The returnees included Alisher Kodirkukov of Asht District.

Kodirkulov and his family shared the odyssey of hundreds of duped Tajik migrant workers who joined extremist groups after failing to find decent work in Russia.

The Kodirkulovs journeyed from Ekaterinburg, Russia, in March 2015 to Istanbul and then to Gaziantep, Turkey, where they crossed into Syria. They spent a month and a half in Syria and ended up in Mosul, Iraq.

"Right after I arrived in [Mosul], I realised I'd been conned," he told Caravanserai.

In October 2016, he and his family fled to Turkey, where they surrendered to Turkish authorities. They arrived in Dushanbe in December 2016, where they were held and investigated.

Aided by Tajik and Turkish law enforcement, Kodirkulov's father brought him, his wife and their two children back home last April.

A year and a half of wandering and privation in an alien land is how Kodirkulov describes his time in Syria and Iraq.

"I'd like to thank law enforcement agencies for believing in me and waiving prosecution," Kodirkulov said.

"My wife and I have a lot of work ahead in restoring our good name ... neighbours have started saying hello to us," he said.

Families mourning war victims

Estimates for the number of Tajik insurgents killed in Iraq and Syria range from about 150 in 2017 alone to 300 during the entire war.

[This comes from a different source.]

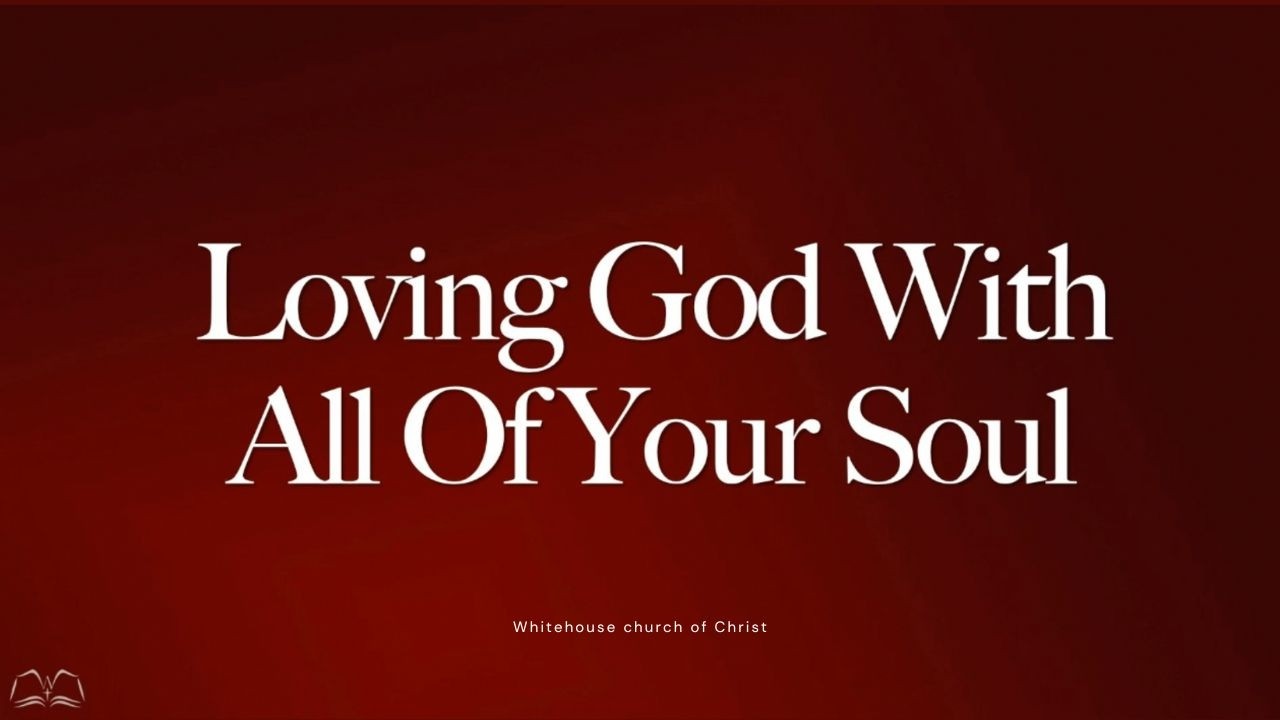 Loving God With All Of Your Soul - Kris Groda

"We do not have exact numbers of Tajik combatants or Tajiks killed," Abduvalizoda saod. "Many people going to Syria and Iraq went through third countries. We don't get all the information about those killed."

"Our top priority is to bring back our citizens who were duped into joining foreign conflicts," he said. "Their deaths are a source of great sorrow for their parents, who sent them abroad only to study or to earn money."

At least one father has multiple dead sons to mourn.

Olimurod Abdurakhmonov of Jaloliddin Balkhi District, Khatlon Province, is grieving for three sons who all died in Syria and Iraq, according to Tajik authorities.

Now his daughter-in-law and three grandchildren are trapped in Manbij, Syria, according to police.

The bereaved father is urging law enforcement to help repatriate his surviving kin.

"Maybe the presence of the grandchildren in an empty home will somehow console the [dead men's] poor father," Bakhriddin Esankulov, head of Abdurakhmonov's local government, told Caravanserai.

Meanwhile, a missing and possibly dead militant has left a stranded wife and two children in Mosul, Iraq.

The relatives of the missing man, Faromuz Sheraliyev of Asht District, have heard from his wife who telephoned from Mosul asking for help in coming home.

"She does not have any documents, and she does not know how to get out of Mosul," the family members told the local prosecutor's office. They are begging authorities to help bring back the woman and her children.